-- Entries provided follows --

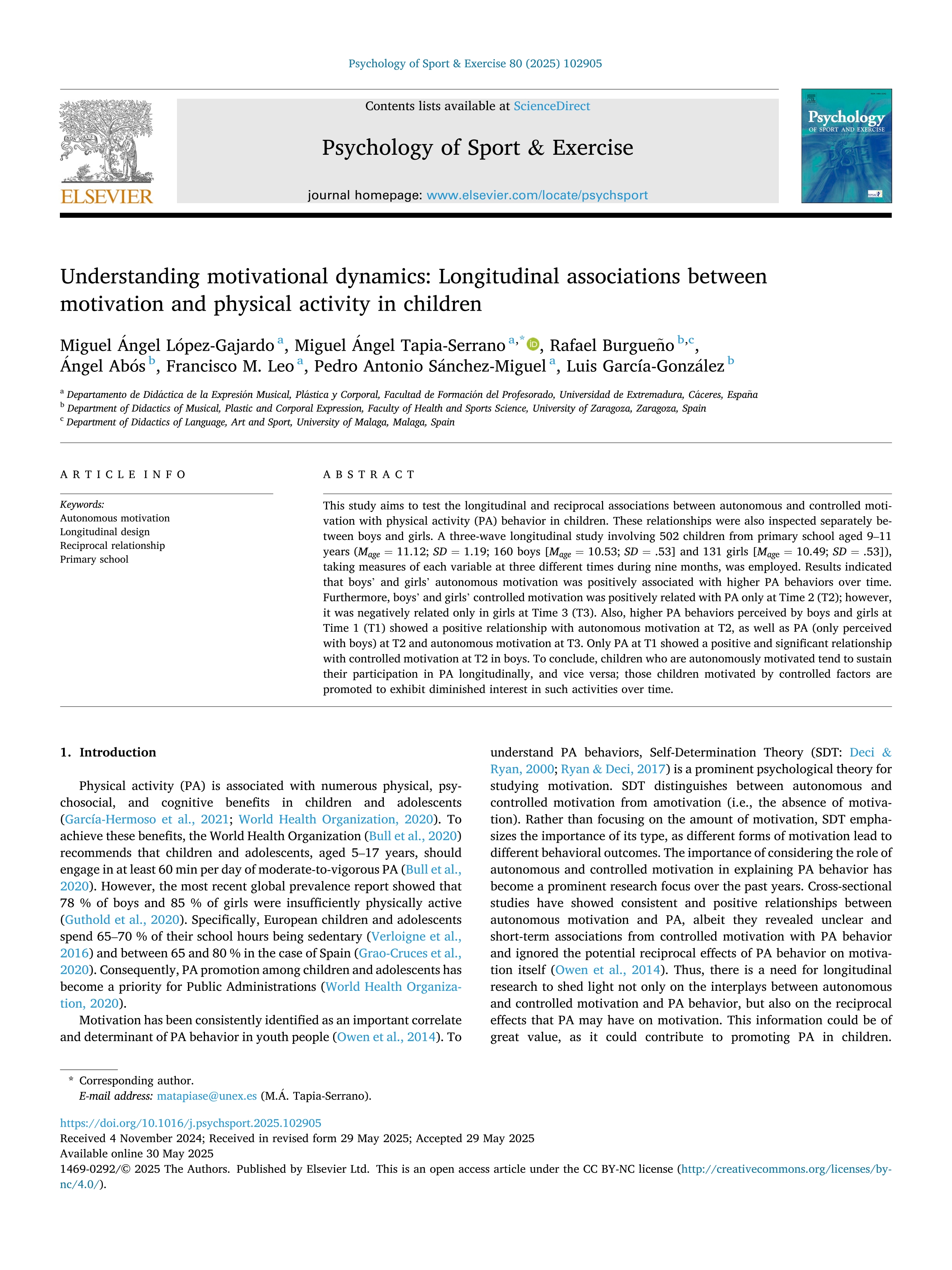 Understanding motivational dynamics: Longitudinal associations between motivation and physical activity in children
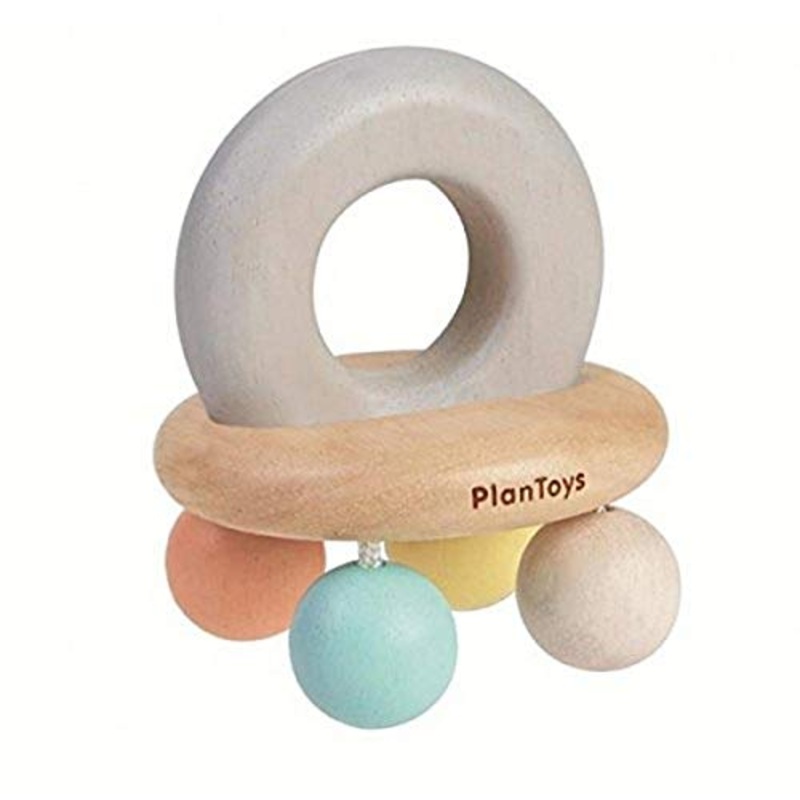 PlanToys Wooden Bell Rattle and Teether Toy
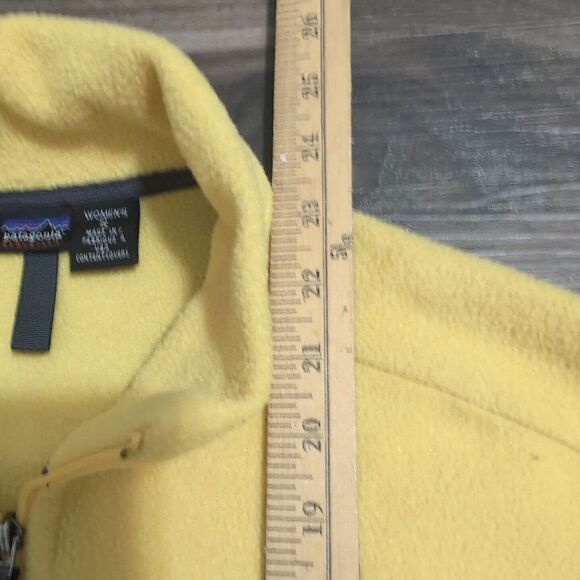 Patagonia Fleece Synchilla Womens S Yellow Full Zip Jacket Hiking Made In USA Y6 - Picture 4 of 7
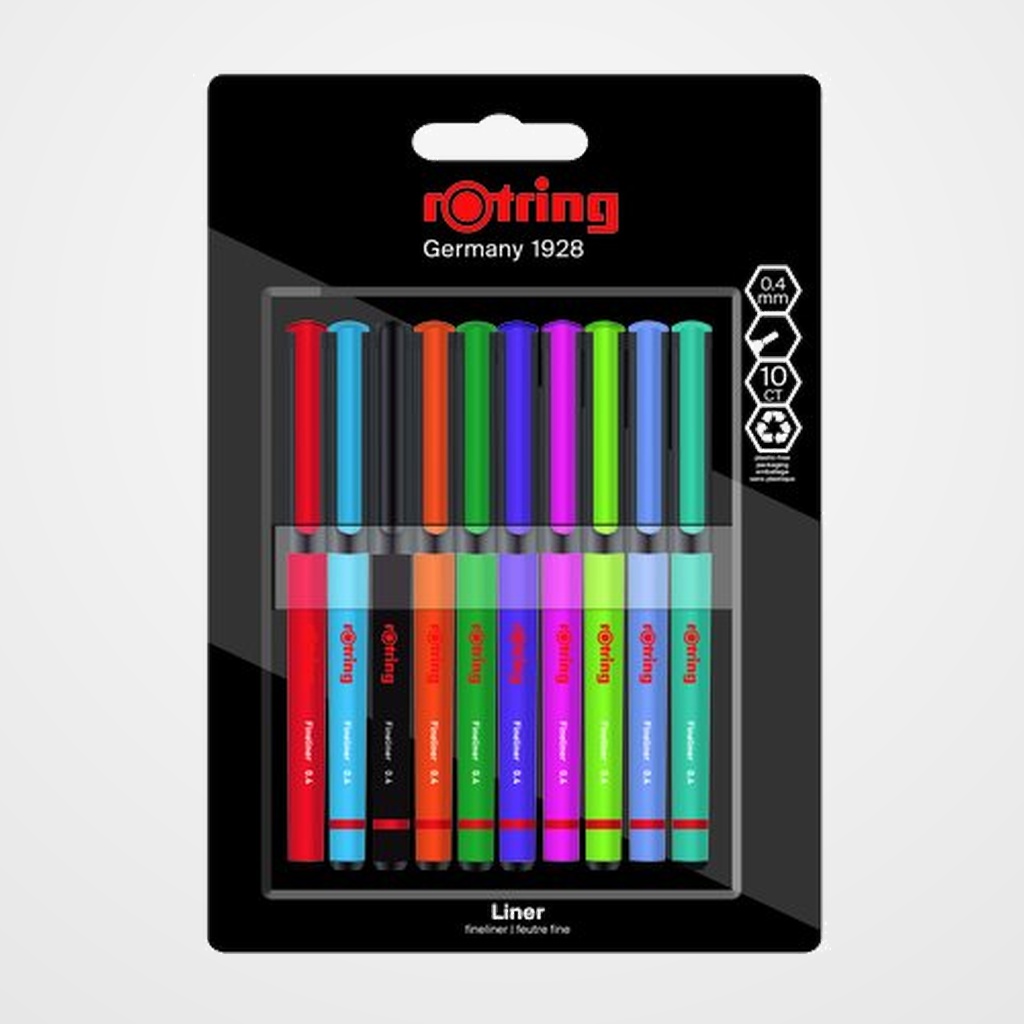 ROTULADOR FIBRA ROTRING FINELINER BLISTER de 10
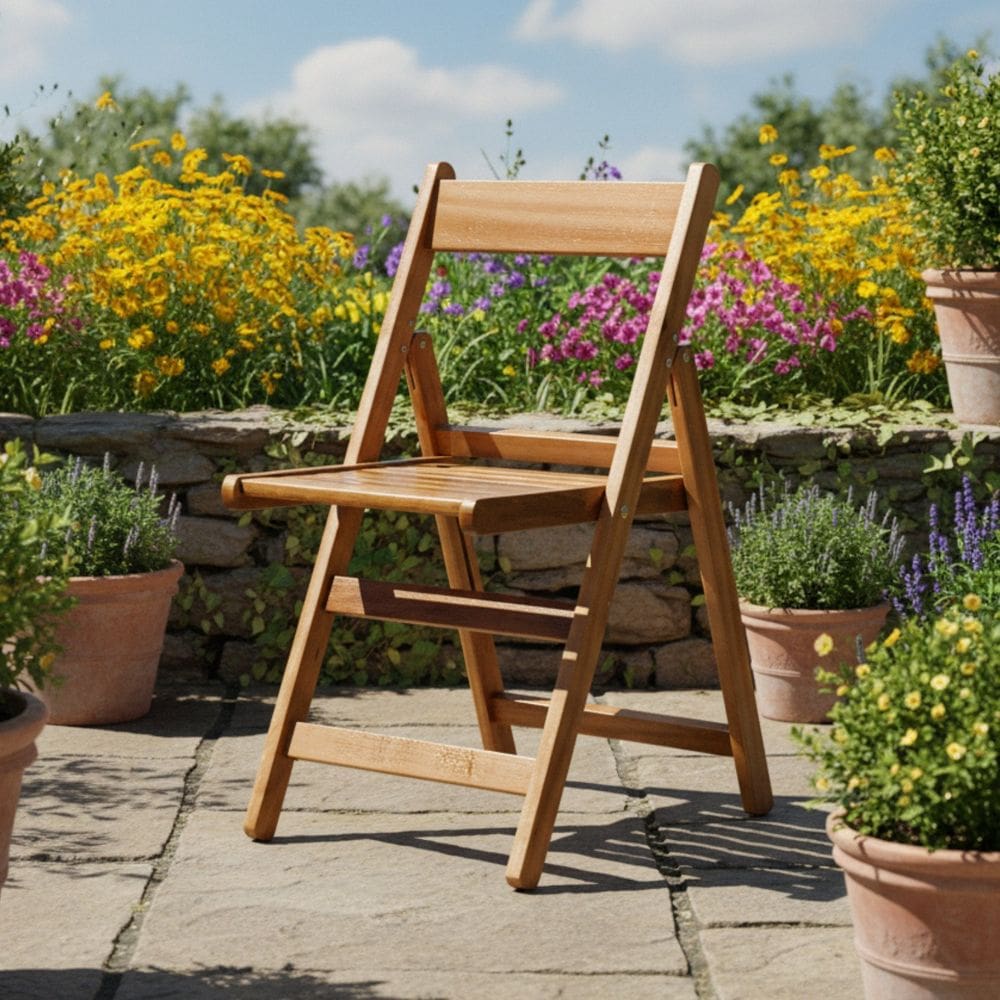 Cadeira para Jardim Dobrável Eucalipto Verniz Marrom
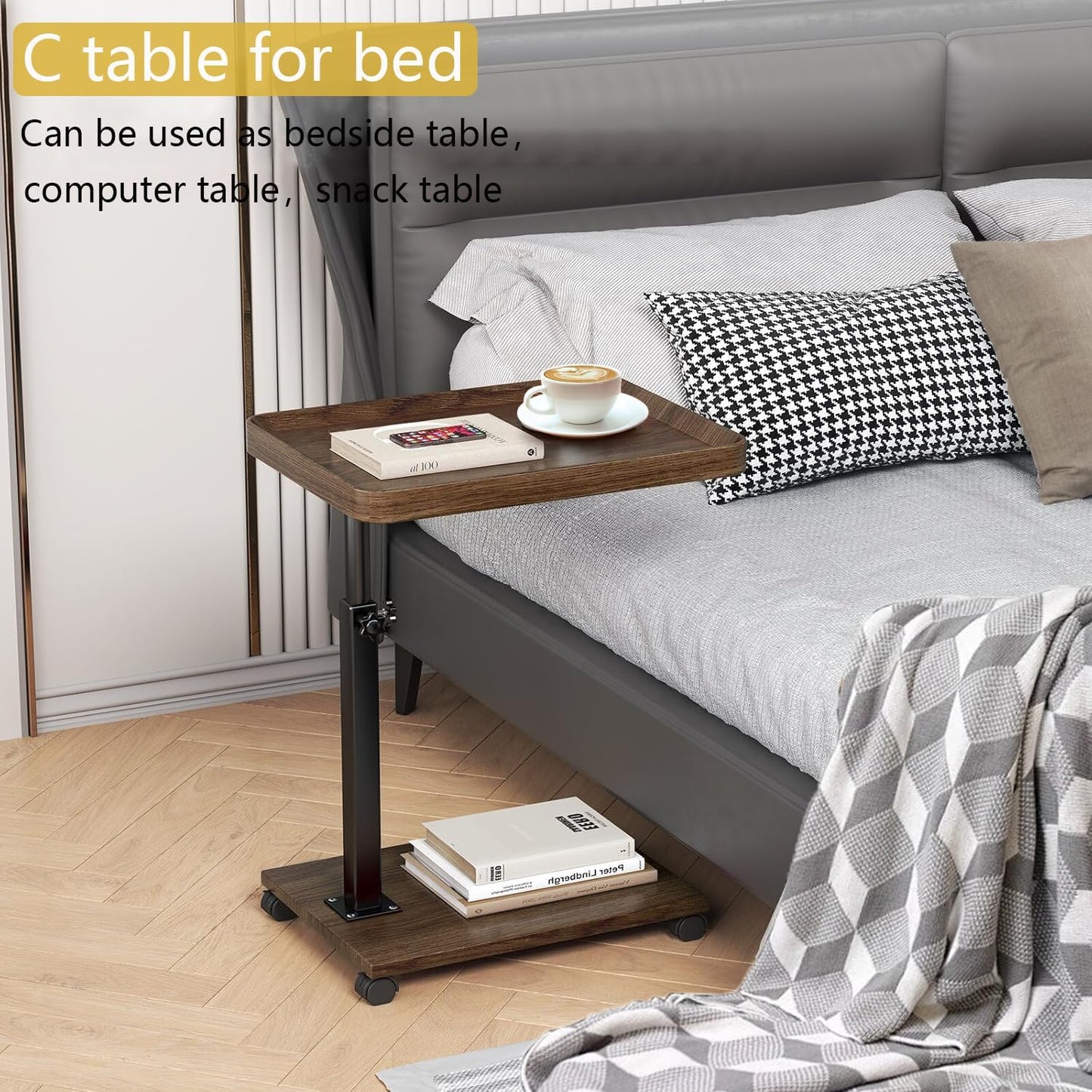 C Table End Table Adjustable Height, 360°Swivel TV Tray Table for Small Spaces, Couch Tables That Slide Under, C Shaped Side Tables with Wheels for Living Room and Bedroom, Bed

-- Entries provided concluded --

Exercise:
Each entry above should be copied word for word, with the images omitted.

Reply:
 Understanding motivational dynamics: Longitudinal associations between motivation and physical activity in children
 PlanToys Wooden Bell Rattle and Teether Toy
 Patagonia Fleece Synchilla Womens S Yellow Full Zip Jacket Hiking Made In USA Y6 - Picture 4 of 7
 ROTULADOR FIBRA ROTRING FINELINER BLISTER de 10
 Cadeira para Jardim Dobrável Eucalipto Verniz Marrom
 C Table End Table Adjustable Height, 360°Swivel TV Tray Table for Small Spaces, Couch Tables That Slide Under, C Shaped Side Tables with Wheels for Living Room and Bedroom, Bed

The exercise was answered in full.